What the exercise asks:
Below are records. Find each line in them that holds the word "Road" and copy it.

Records for the task:

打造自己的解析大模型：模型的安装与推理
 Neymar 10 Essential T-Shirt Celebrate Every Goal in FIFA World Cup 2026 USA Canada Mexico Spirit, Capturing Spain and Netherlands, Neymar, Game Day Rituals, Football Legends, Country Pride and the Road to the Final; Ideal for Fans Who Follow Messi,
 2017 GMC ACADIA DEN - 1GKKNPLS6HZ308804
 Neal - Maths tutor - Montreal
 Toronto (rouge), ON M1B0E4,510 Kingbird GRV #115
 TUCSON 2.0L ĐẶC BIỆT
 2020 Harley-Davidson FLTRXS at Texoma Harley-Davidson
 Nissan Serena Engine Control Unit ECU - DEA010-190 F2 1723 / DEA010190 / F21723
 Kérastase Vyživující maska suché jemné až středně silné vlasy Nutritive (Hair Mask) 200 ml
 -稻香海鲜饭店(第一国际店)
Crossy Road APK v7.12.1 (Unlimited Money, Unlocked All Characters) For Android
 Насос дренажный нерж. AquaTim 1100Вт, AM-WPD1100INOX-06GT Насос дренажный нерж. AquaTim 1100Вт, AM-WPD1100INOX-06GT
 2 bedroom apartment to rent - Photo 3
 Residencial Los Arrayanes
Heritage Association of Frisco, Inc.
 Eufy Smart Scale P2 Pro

Result below:
 Neymar 10 Essential T-Shirt Celebrate Every Goal in FIFA World Cup 2026 USA Canada Mexico Spirit, Capturing Spain and Netherlands, Neymar, Game Day Rituals, Football Legends, Country Pride and the Road to the Final; Ideal for Fans Who Follow Messi,
Crossy Road APK v7.12.1 (Unlimited Money, Unlocked All Characters) For Android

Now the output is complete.